= Rhetorical shield =

Discursive buffers

In the context of race, rhetorical shields are semantic moves or strategically managed propositions to safely state certain views. They commonly appear as nonracial utterances between racial statements.

==Examples==

"Rhetorical shields are just that: shields, pieces of armor to protect us when we want to avoid making mistakes when talking about race. They are face-saving techniques used when pushed on a slight undertone of racism to quickly move back to a position of neutrality."
— ― My Racial Journey, University of Pittsburgh Office of Child Development.

===Disclaimers===
Disclaimers serve as a strategy to dismiss the racial nature of a story. They are used to save face, as they allow a return to safety in situations. Examples of such utterances are "I am not a racist, but..." and "Some of my best friends are black". The phrase "yes and no" as a response to a question about an issue could also be used in such a manner, as it is a way to portray ambivalence on a controversial issue, apparently taking or examining all sides, even though it may conclude with strong support for one side of the issue.

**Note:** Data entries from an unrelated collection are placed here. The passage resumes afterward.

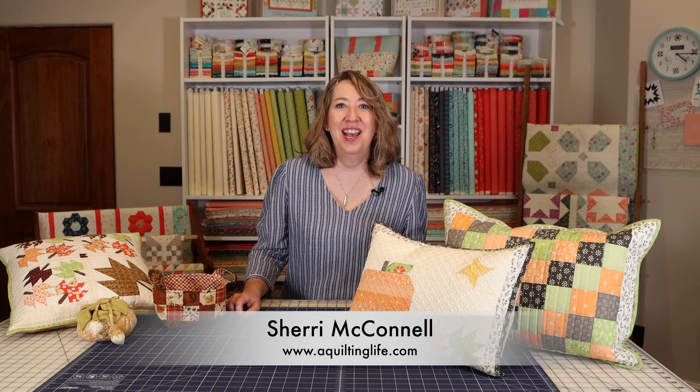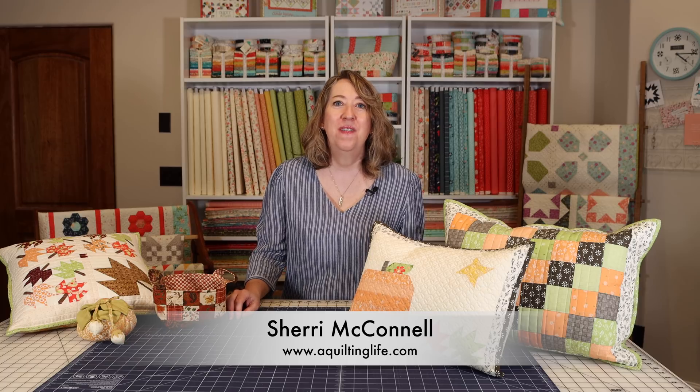Hi, it's Sheri from A Quilting Life and I'm here today to talk about some of my favorite fall quilts and decor items. It is actually almost fall the day that I'm recording this. I think the official start to fall is in a few days, less than a week away, but it's still pretty warm where I live.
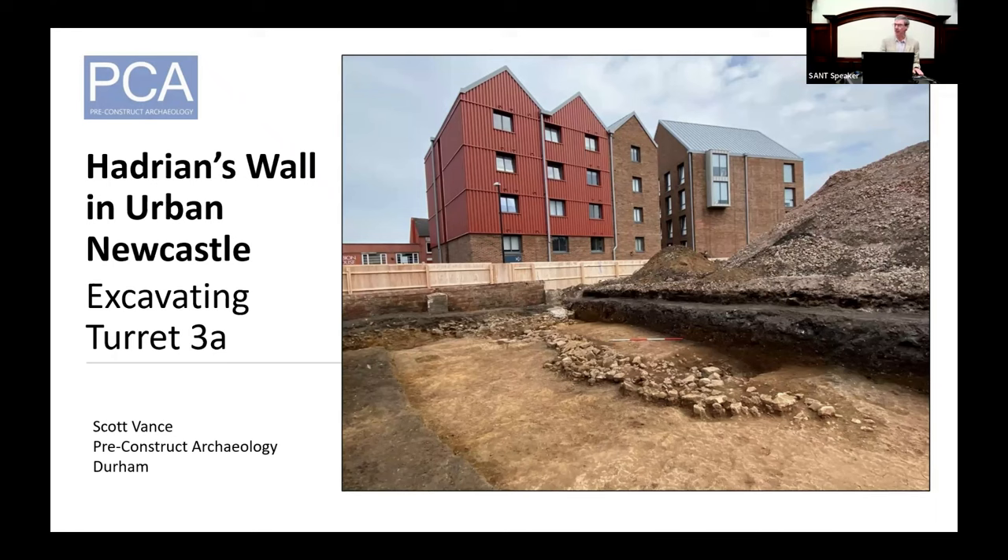Today we're going to hear Scott Vance talk about his excavations on Turret 3a. Scott has worked in commercial archaeology for the past 17 years, he's currently a project manager with Pre-Construct Archaeology, and his research interests centre on the late Iron Age and Roman periods within northern England.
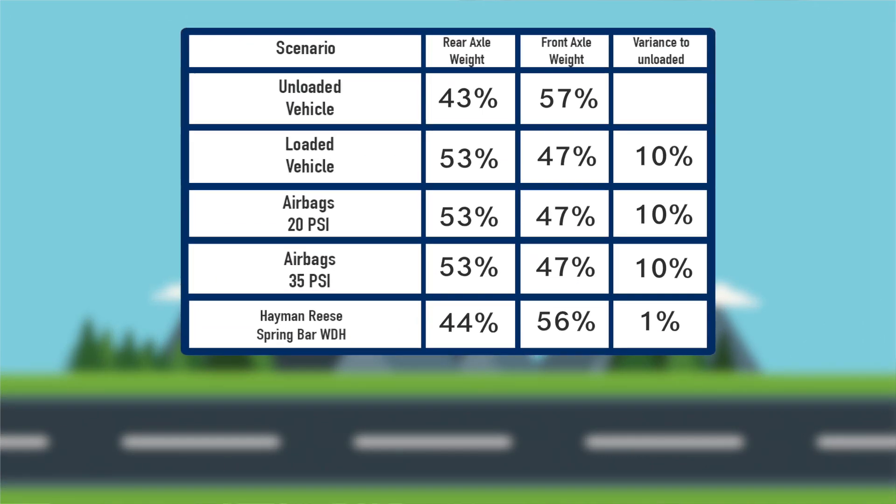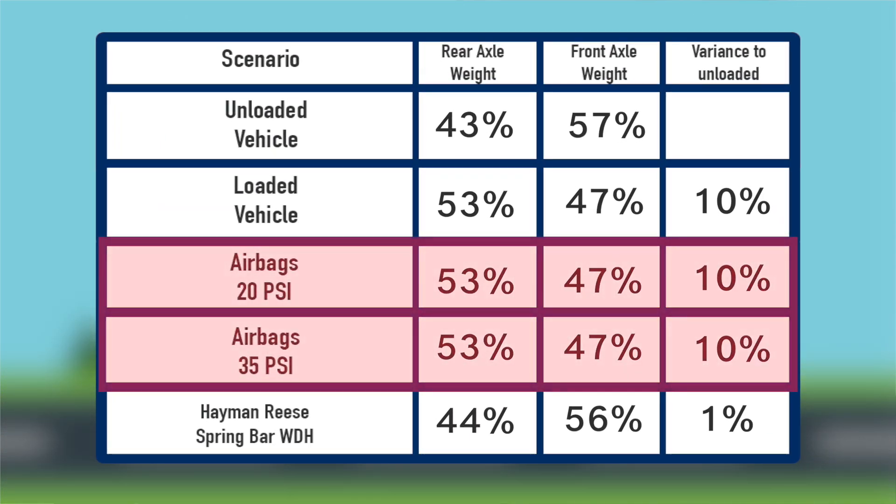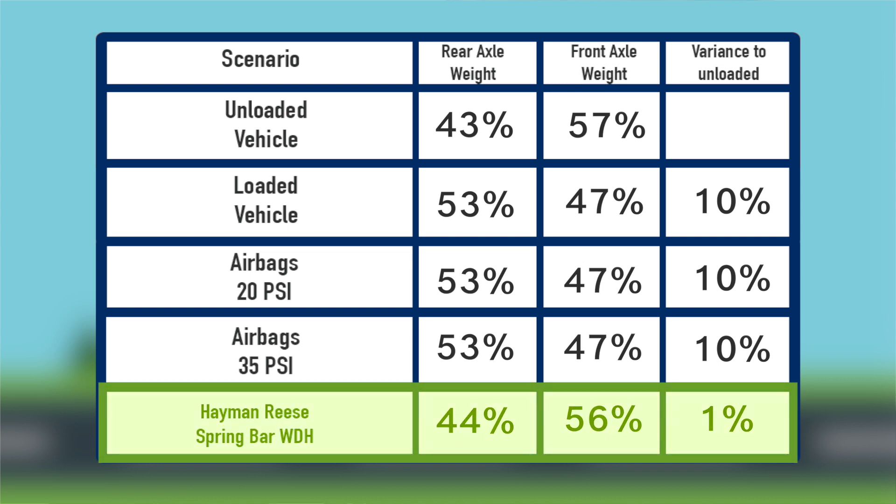In conclusion, we can see that using airbags alone may change the height of the vehicle, but they don't transfer any additional load across the front axle and rear axle of the car. But using a Hayman Rees weight distribution system will improve the load balance between the front and rear axles and it will restore the natural balance of your vehicle.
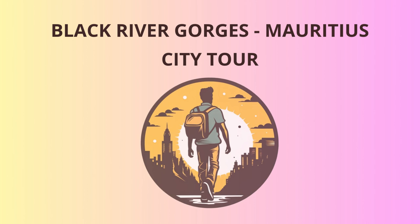Alas, our adventure comes to an end, but fear not, dear tourists — you can always come back for more. I hope you had a fantastic time exploring Black River Gorges with me today. And remember, if anyone asks you how you liked the tour, just tell them your guide was Black River George, the one and only. Safe travels, everyone.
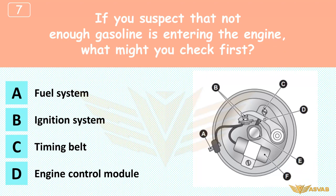If you suspect that not enough gasoline is entering the engine, what might you check first? A. Fuel system, B. Ignition system, C. Timing belt, D. Engine control module. The fuel system must deliver enough fuel for combustion inside the engine. Choice D, the engine control module, is the second best answer — although it could cause the problem, the fuel system is the first thing to check.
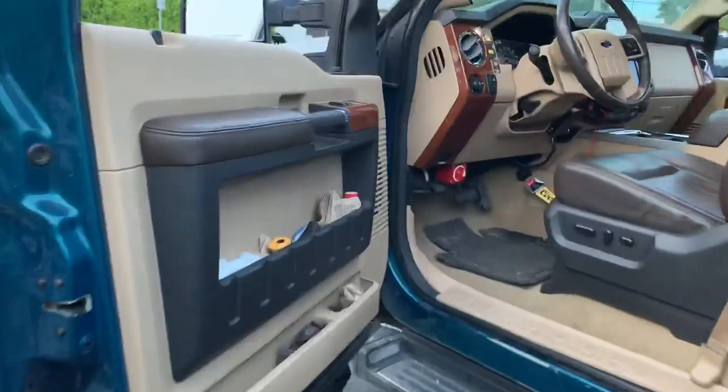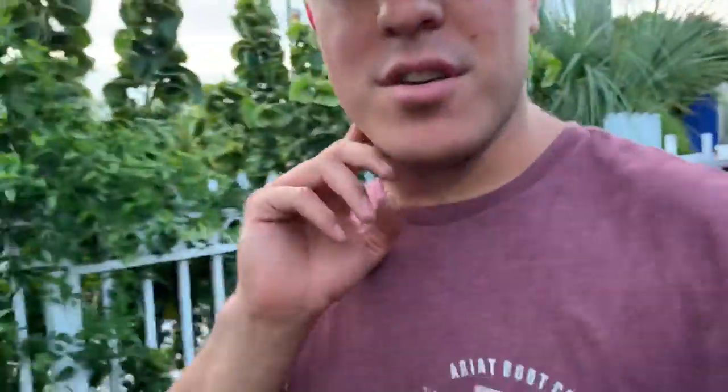I want to answer a question I get asked pretty much every day, a couple times a day. The number one question is: how much does an interior swap cost? It's a very broad question I never really know how to answer, because it depends on what truck you have — an Excursion, a 250, regular cab, crew cab — and what your goals are. There's a huge price difference, ranging from three grand to twenty grand.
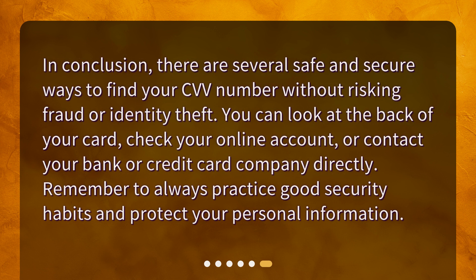In conclusion, there are several safe and secure ways to find your CVV number without risking fraud or identity theft. You can look at the back of your card, check your online account, or contact your bank or credit card company directly. Remember to always practice good security habits and protect your personal information.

Another way to achieve this is through credentialing, which entails a discursive practice of listing characteristics that make one not a racist.

===Projection===
Projection may serve as a strategy to escape from guilt or responsibility and affix blame elsewhere. For example, people may blame other groups for segregating themselves to explain their lack of friends within that group. Another example is the expression of concern for how other people would feel. This is sometimes seen in the issue of affirmative action, where opponents may argue that minorities would feel bad and inferior due to preferential treatment, even though they themselves may be the recipients of preferential treatment.

===Diminutives===
Diminutives may be used as a strategy to lessen the impact of statements. This strategy could also be used to portray other people as too sensitive, as issues would be reduced to only a little thing. For example, people may say that they are "a little bit" against affirmative action, even though they strongly oppose it.

=== Indirectness ===
Indirectness is employed as a protective way to approach certain topics. For example, the question "Where are you from?" is often used as a substitute for "What is your race?" by people who are not comfortable asking the latter outright.